Each line from the one with "Lampy przód przednie" through the final line of the entries below must be printed exactly, and the pictures must not be.
──────── MATERIAL FOR THIS TASK
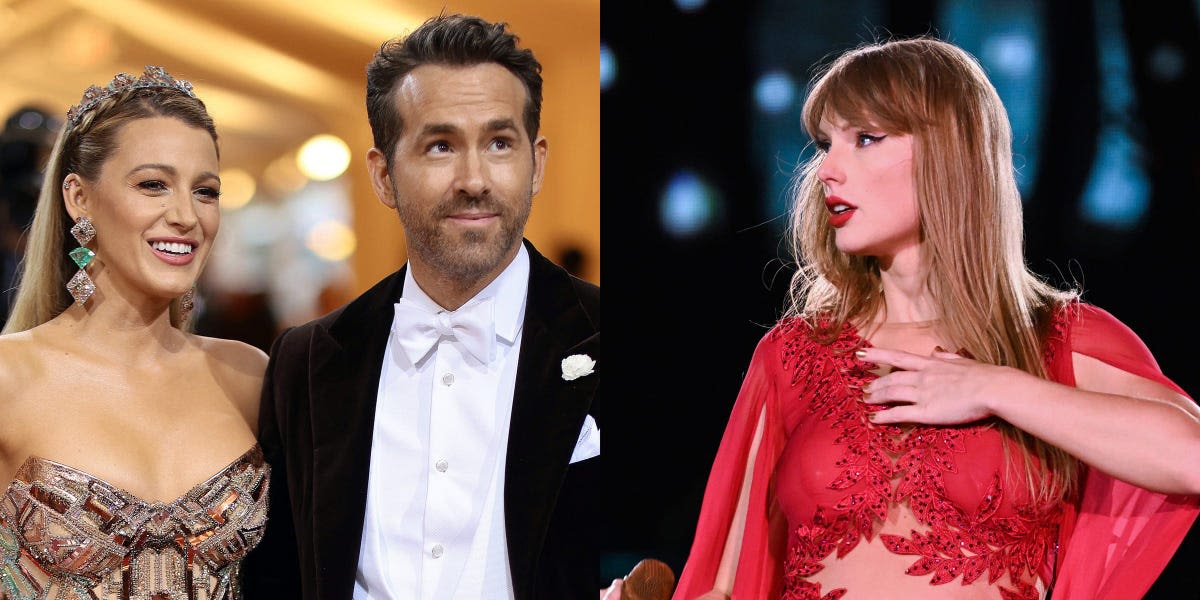 Taylor Swift subtly let slip she's the godmother of Ryan Reynolds and Blake Lively's kids while praising the new 'Deadpool' movie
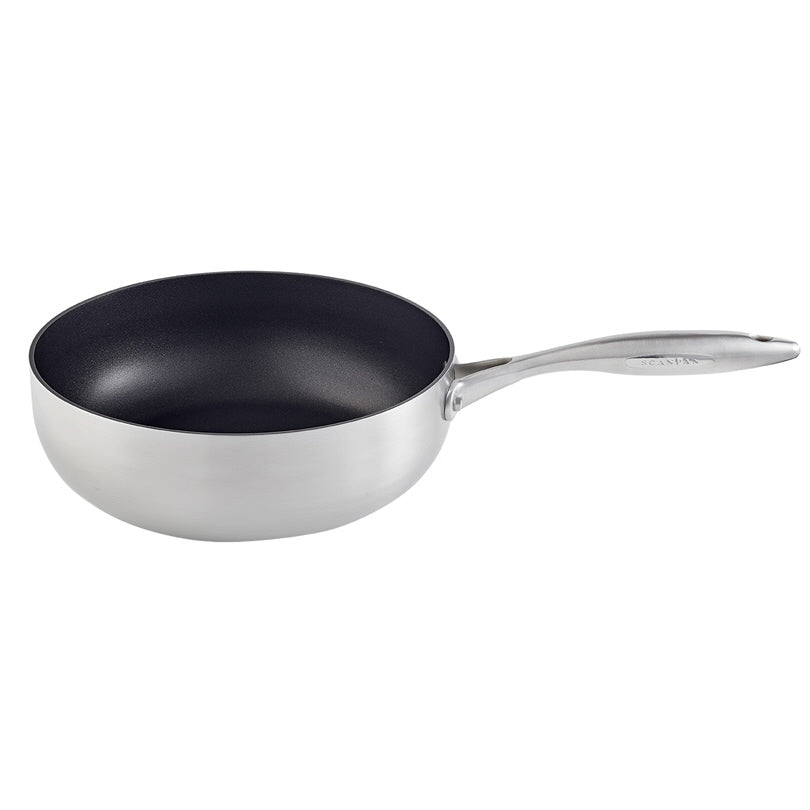 Padella fonda "CTX" con coperchio in vetro cm Ø26(18,3)/l3,7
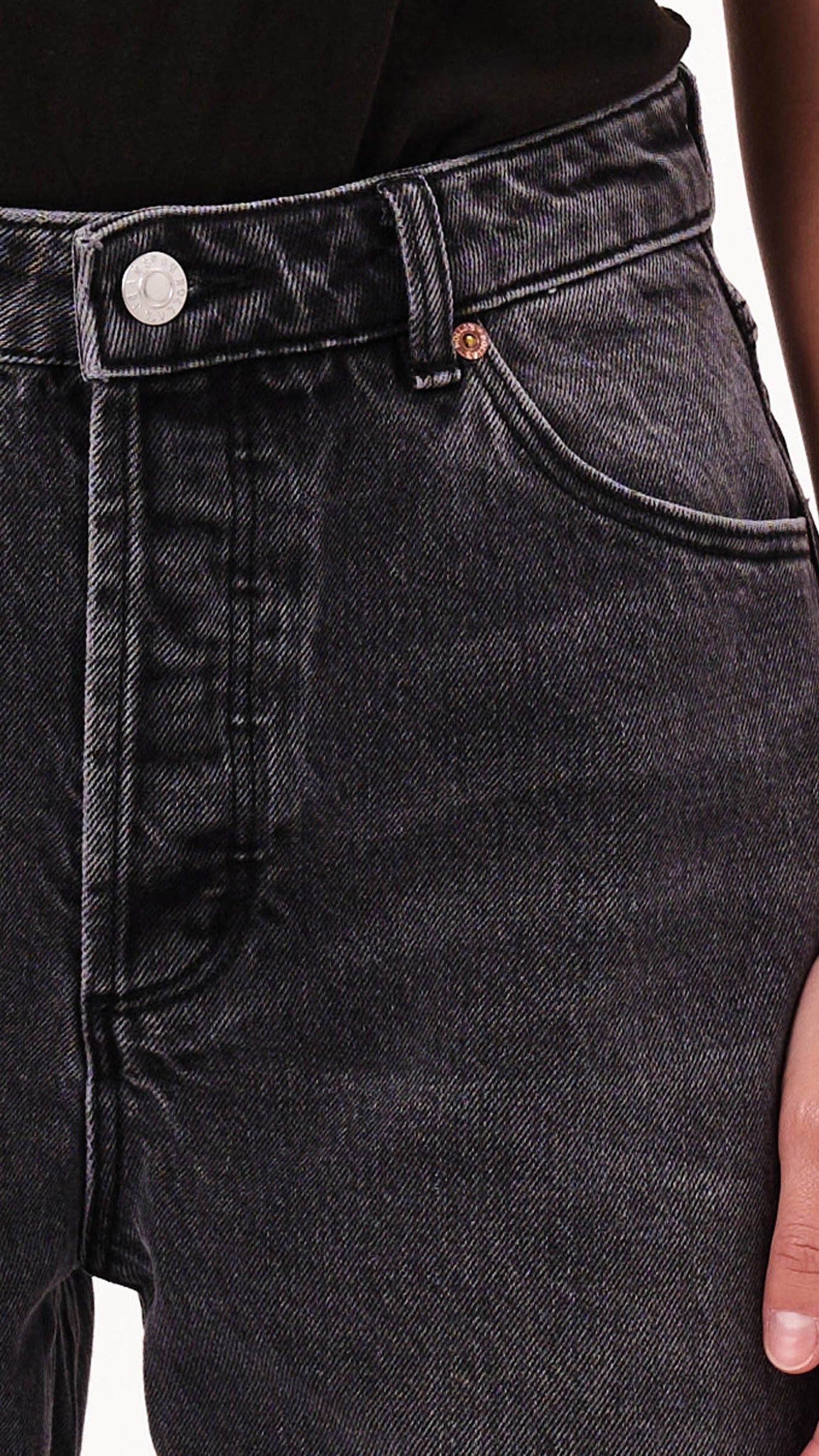 Rollas 90s Relaxed Jean - Vintage Black / Worn Black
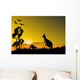 Kangaroo Sunset Horizion Wall Mural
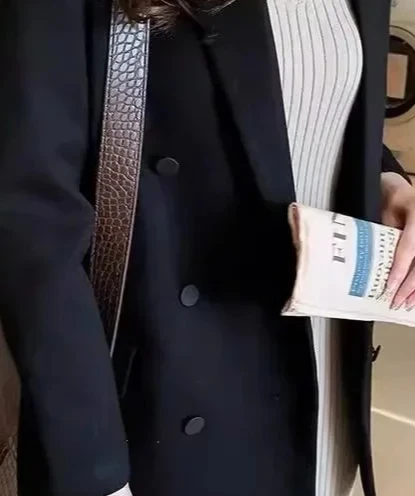 Lente zomer elegante afslankende gebreide vestrok middellange zwarte binnenbasisrok mouwloze tankjurk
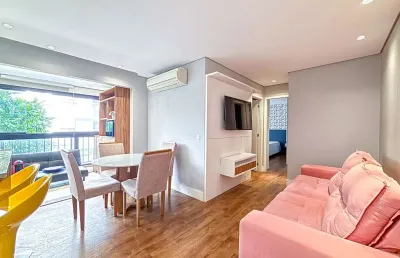Apartamento tipo para venda em green valley alphaville empresarial com 2 quartos, sendo 1 suíte, 63m²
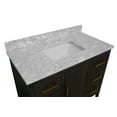 thumbnail image 7 of Parisian 42" Bathroom Vanity with Black Oak Cabinet and Carrara Marble Top, 7 of 7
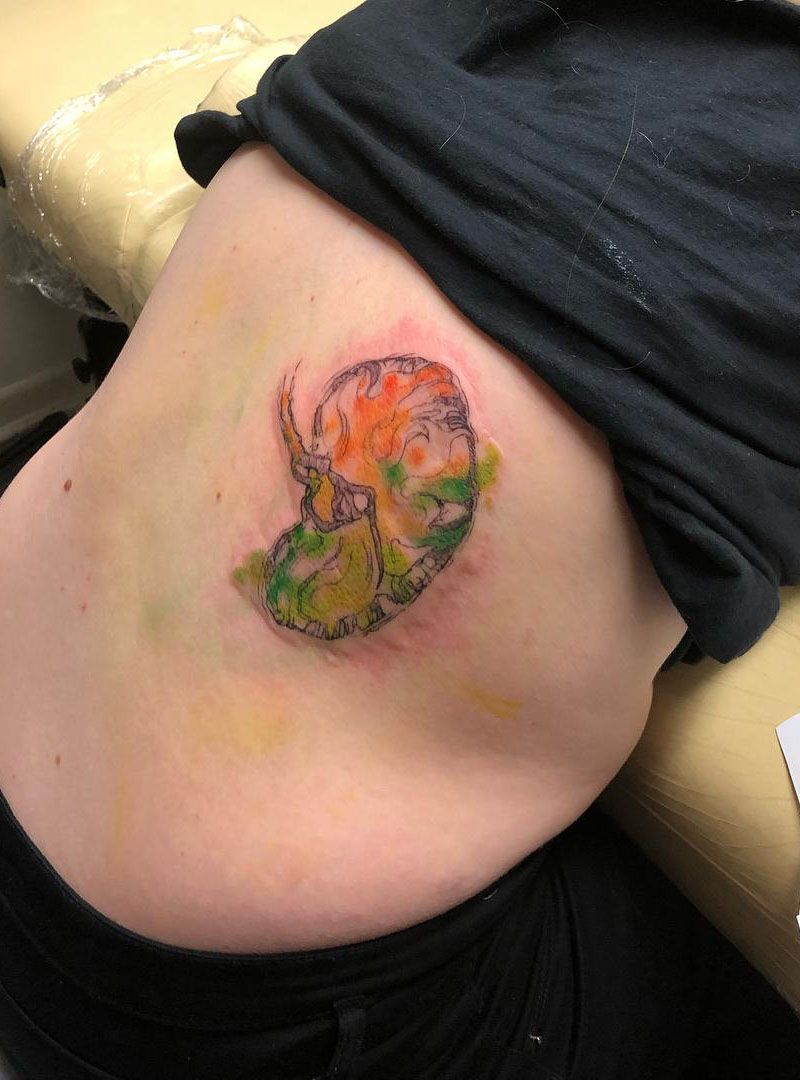 30 Pretty Kidney Tattoos You Will Love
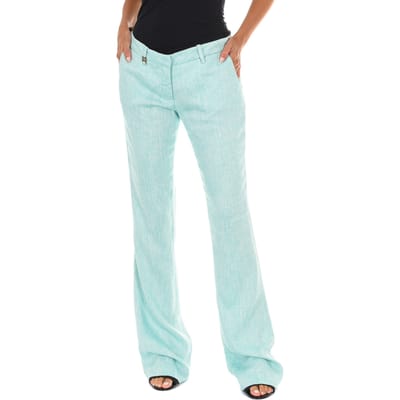 Lange linnen broek met uitlopende onderkant 70DBF0490-L041 vrouw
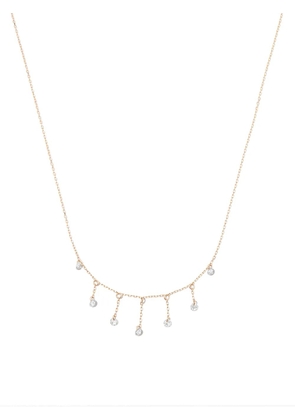 Persée 18kt yellow gold Bohème diamond drop necklace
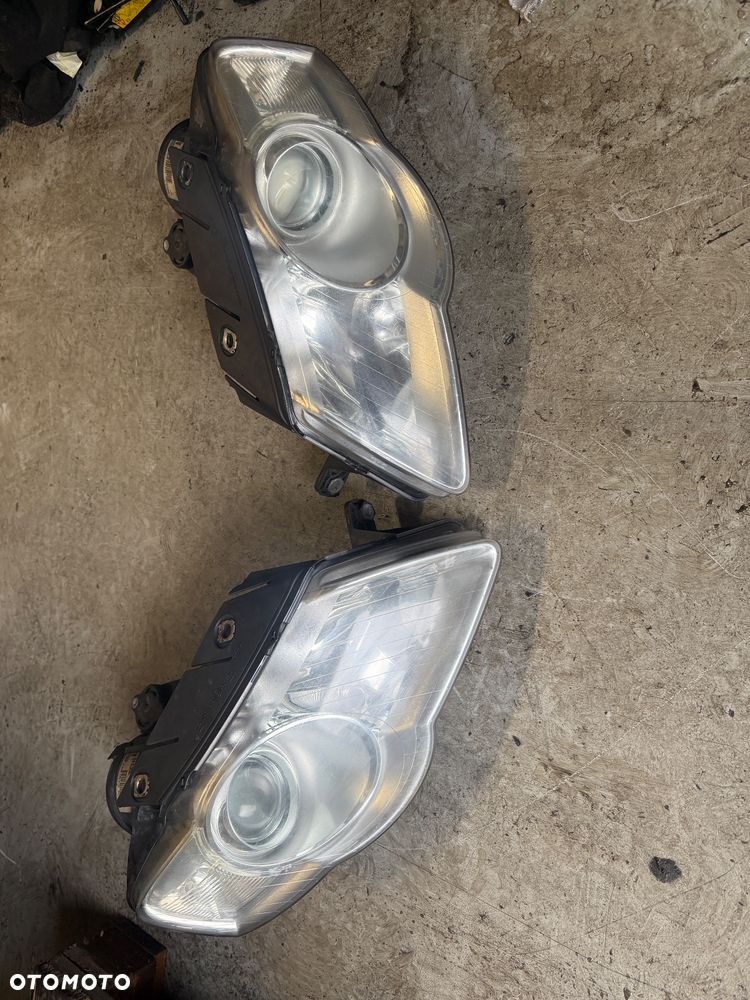 Lampy przód przednie Vw passat b6 H7 Valeo Oryginał 3C0941005/6S - 1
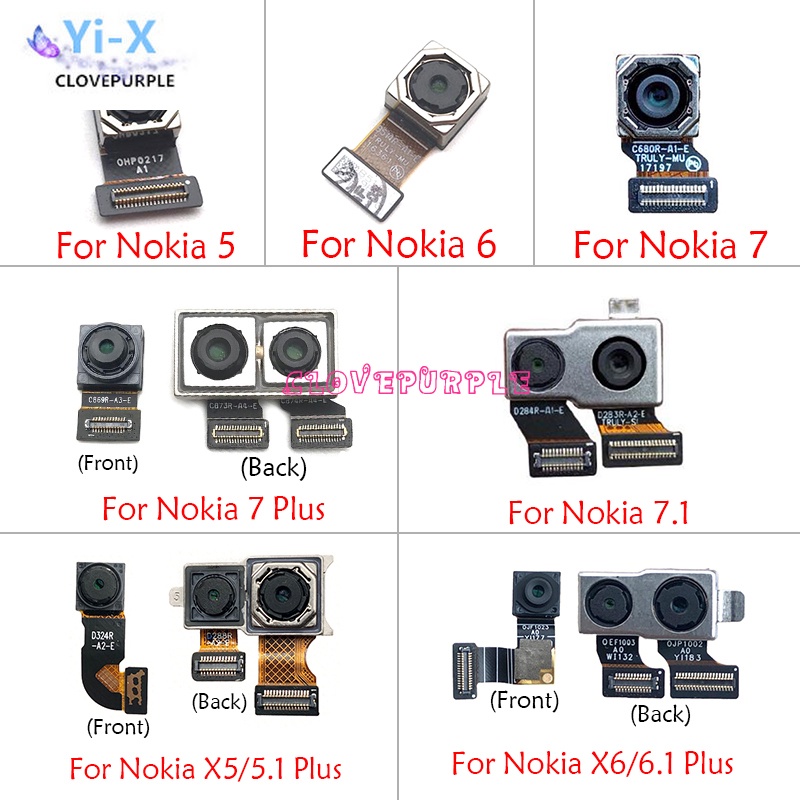 Phụ kiện mạch camera trước sau cho điện thoại Nokia 5 6 7 6.1 7.1 / 5.1 Plus X5 / 6.1 Plus X6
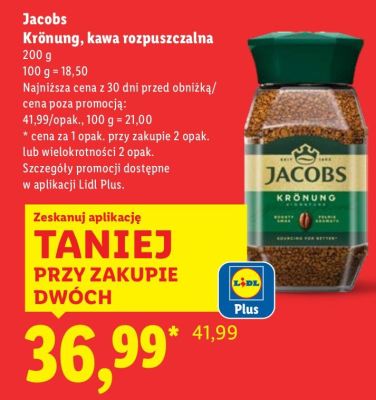 Kawa rozpuszczalna Krönung promocja w Lidl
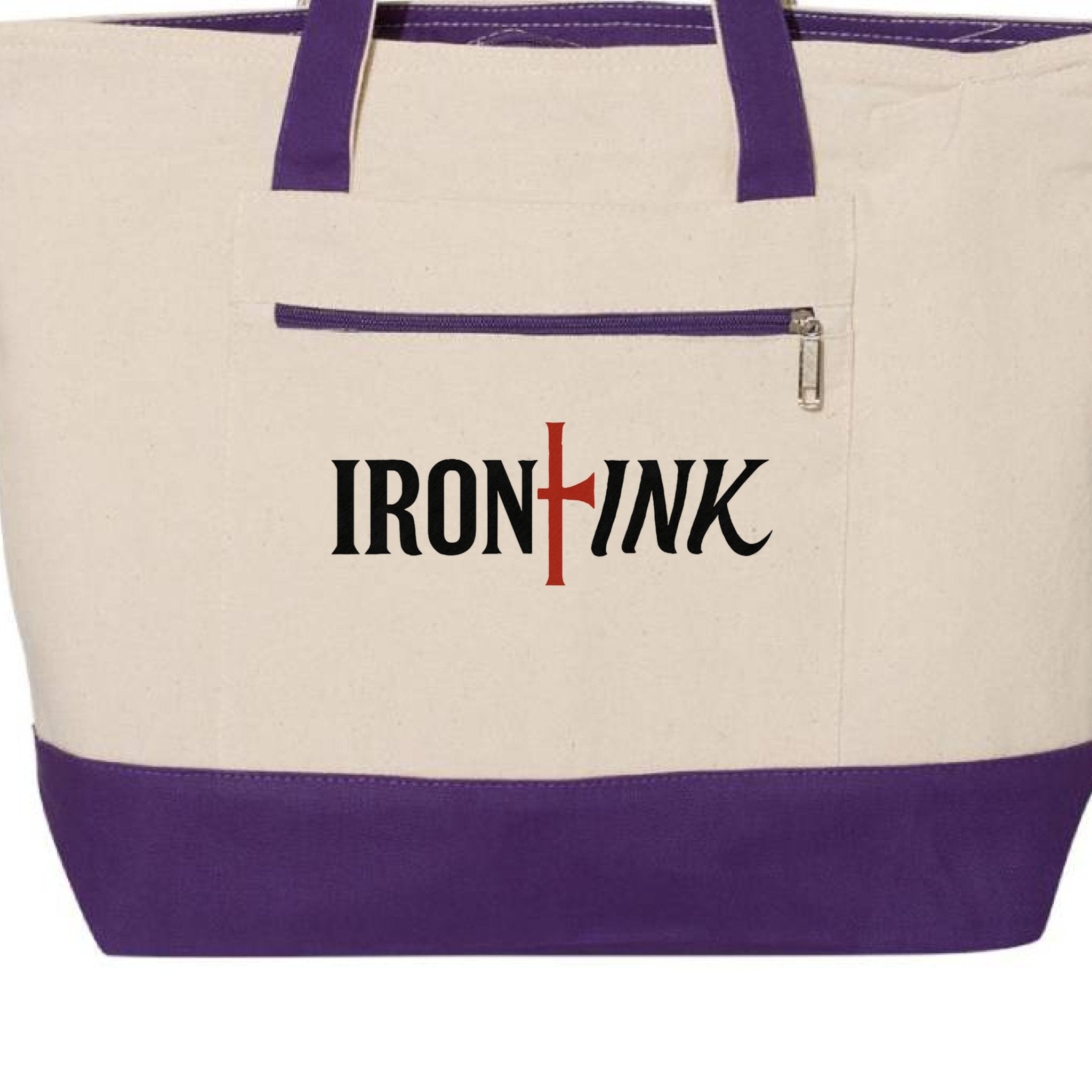 Large Tote - Iron & Ink Apparelironink tattoo fitness clothing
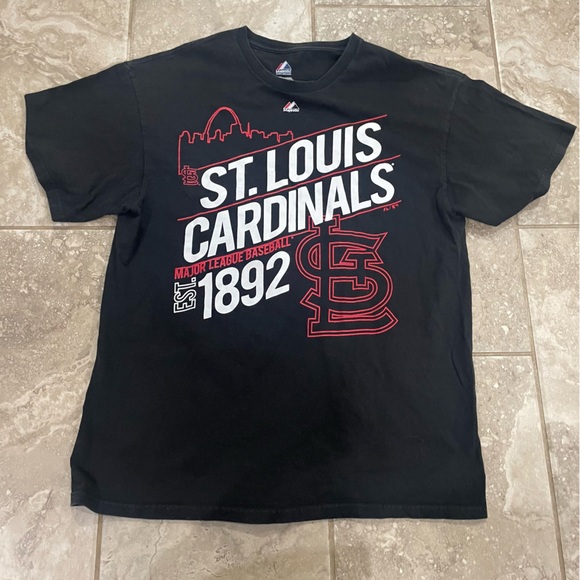 Majestic St. Louis Cardinals MLB Tee Sz XL - Picture 5 of 8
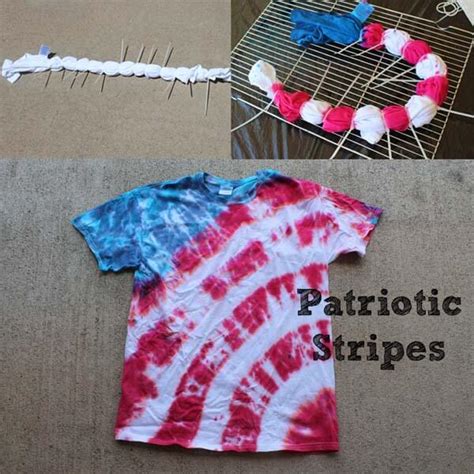 How to Make Patriotic Stripes Tie Dye Shirt!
────────────────
OUTPUT OF THE TASK ▸
 Lampy przód przednie Vw passat b6 H7 Valeo Oryginał 3C0941005/6S - 1
 Phụ kiện mạch camera trước sau cho điện thoại Nokia 5 6 7 6.1 7.1 / 5.1 Plus X5 / 6.1 Plus X6
 Kawa rozpuszczalna Krönung promocja w Lidl
 Large Tote - Iron & Ink Apparelironink tattoo fitness clothing
 Majestic St. Louis Cardinals MLB Tee Sz XL - Picture 5 of 8
 How to Make Patriotic Stripes Tie Dye Shirt!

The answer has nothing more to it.